Task statement - Retype the entries below without any change.

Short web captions
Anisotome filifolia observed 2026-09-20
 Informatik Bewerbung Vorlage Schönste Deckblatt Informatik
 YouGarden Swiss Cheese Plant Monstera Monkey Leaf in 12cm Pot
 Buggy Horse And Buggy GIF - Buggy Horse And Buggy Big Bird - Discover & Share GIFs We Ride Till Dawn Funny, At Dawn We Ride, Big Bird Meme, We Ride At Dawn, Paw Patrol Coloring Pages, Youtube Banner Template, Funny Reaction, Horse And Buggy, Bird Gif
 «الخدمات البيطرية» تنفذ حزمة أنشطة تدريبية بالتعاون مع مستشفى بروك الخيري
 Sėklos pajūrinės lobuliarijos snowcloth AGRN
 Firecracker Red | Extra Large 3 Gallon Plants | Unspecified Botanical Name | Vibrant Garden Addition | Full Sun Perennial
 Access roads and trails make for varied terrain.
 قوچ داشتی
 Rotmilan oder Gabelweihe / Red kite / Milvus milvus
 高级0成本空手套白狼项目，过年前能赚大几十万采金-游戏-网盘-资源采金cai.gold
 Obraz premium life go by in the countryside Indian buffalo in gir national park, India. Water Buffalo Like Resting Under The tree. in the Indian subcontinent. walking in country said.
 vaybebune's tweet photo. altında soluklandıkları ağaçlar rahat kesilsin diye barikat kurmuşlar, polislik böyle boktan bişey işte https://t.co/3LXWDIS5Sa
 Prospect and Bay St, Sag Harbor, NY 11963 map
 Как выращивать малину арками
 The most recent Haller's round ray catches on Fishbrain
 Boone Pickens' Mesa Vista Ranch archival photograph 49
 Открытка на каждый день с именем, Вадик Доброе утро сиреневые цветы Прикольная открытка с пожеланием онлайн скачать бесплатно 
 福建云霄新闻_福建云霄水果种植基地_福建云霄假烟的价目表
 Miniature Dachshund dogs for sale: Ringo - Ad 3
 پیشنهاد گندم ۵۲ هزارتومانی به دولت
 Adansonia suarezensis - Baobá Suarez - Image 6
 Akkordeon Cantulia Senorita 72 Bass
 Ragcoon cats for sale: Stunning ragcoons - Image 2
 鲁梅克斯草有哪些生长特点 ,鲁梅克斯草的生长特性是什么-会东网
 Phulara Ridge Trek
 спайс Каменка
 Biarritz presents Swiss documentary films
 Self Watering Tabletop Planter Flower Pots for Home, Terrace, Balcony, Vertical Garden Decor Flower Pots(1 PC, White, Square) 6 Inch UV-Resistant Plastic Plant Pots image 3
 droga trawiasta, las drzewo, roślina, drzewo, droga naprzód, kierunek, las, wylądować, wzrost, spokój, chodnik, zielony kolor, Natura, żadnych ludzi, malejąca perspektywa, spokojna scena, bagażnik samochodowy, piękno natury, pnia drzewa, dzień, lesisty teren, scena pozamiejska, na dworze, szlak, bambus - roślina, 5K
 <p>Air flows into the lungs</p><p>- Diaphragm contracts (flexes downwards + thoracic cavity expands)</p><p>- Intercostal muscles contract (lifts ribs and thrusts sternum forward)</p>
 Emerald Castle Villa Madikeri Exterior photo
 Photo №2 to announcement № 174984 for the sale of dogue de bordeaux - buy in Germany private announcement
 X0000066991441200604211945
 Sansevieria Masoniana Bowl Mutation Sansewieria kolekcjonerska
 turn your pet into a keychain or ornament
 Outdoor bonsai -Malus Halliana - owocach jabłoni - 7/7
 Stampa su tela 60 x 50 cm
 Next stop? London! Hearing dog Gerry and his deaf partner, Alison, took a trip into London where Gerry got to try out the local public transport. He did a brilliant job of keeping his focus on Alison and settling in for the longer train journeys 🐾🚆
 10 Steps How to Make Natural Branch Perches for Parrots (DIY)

Response to this task -
Anisotome filifolia observed 2026-09-20
 Informatik Bewerbung Vorlage Schönste Deckblatt Informatik
 YouGarden Swiss Cheese Plant Monstera Monkey Leaf in 12cm Pot
 Buggy Horse And Buggy GIF - Buggy Horse And Buggy Big Bird - Discover & Share GIFs We Ride Till Dawn Funny, At Dawn We Ride, Big Bird Meme, We Ride At Dawn, Paw Patrol Coloring Pages, Youtube Banner Template, Funny Reaction, Horse And Buggy, Bird Gif
 «الخدمات البيطرية» تنفذ حزمة أنشطة تدريبية بالتعاون مع مستشفى بروك الخيري
 Sėklos pajūrinės lobuliarijos snowcloth AGRN
 Firecracker Red | Extra Large 3 Gallon Plants | Unspecified Botanical Name | Vibrant Garden Addition | Full Sun Perennial
 Access roads and trails make for varied terrain.
 قوچ داشتی
 Rotmilan oder Gabelweihe / Red kite / Milvus milvus
 高级0成本空手套白狼项目，过年前能赚大几十万采金-游戏-网盘-资源采金cai.gold
 Obraz premium life go by in the countryside Indian buffalo in gir national park, India. Water Buffalo Like Resting Under The tree. in the Indian subcontinent. walking in country said.
 vaybebune's tweet photo. altında soluklandıkları ağaçlar rahat kesilsin diye barikat kurmuşlar, polislik böyle boktan bişey işte https://t.co/3LXWDIS5Sa
 Prospect and Bay St, Sag Harbor, NY 11963 map
 Как выращивать малину арками
 The most recent Haller's round ray catches on Fishbrain
 Boone Pickens' Mesa Vista Ranch archival photograph 49
 Открытка на каждый день с именем, Вадик Доброе утро сиреневые цветы Прикольная открытка с пожеланием онлайн скачать бесплатно 
 福建云霄新闻_福建云霄水果种植基地_福建云霄假烟的价目表
 Miniature Dachshund dogs for sale: Ringo - Ad 3
 پیشنهاد گندم ۵۲ هزارتومانی به دولت
 Adansonia suarezensis - Baobá Suarez - Image 6
 Akkordeon Cantulia Senorita 72 Bass
 Ragcoon cats for sale: Stunning ragcoons - Image 2
 鲁梅克斯草有哪些生长特点 ,鲁梅克斯草的生长特性是什么-会东网
 Phulara Ridge Trek
 спайс Каменка
 Biarritz presents Swiss documentary films
 Self Watering Tabletop Planter Flower Pots for Home, Terrace, Balcony, Vertical Garden Decor Flower Pots(1 PC, White, Square) 6 Inch UV-Resistant Plastic Plant Pots image 3
 droga trawiasta, las drzewo, roślina, drzewo, droga naprzód, kierunek, las, wylądować, wzrost, spokój, chodnik, zielony kolor, Natura, żadnych ludzi, malejąca perspektywa, spokojna scena, bagażnik samochodowy, piękno natury, pnia drzewa, dzień, lesisty teren, scena pozamiejska, na dworze, szlak, bambus - roślina, 5K
 <p>Air flows into the lungs</p><p>- Diaphragm contracts (flexes downwards + thoracic cavity expands)</p><p>- Intercostal muscles contract (lifts ribs and thrusts sternum forward)</p>
 Emerald Castle Villa Madikeri Exterior photo
 Photo №2 to announcement № 174984 for the sale of dogue de bordeaux - buy in Germany private announcement
 X0000066991441200604211945
 Sansevieria Masoniana Bowl Mutation Sansewieria kolekcjonerska
 turn your pet into a keychain or ornament
 Outdoor bonsai -Malus Halliana - owocach jabłoni - 7/7
 Stampa su tela 60 x 50 cm
 Next stop? London! Hearing dog Gerry and his deaf partner, Alison, took a trip into London where Gerry got to try out the local public transport. He did a brilliant job of keeping his focus on Alison and settling in for the longer train journeys 🐾🚆
 10 Steps How to Make Natural Branch Perches for Parrots (DIY)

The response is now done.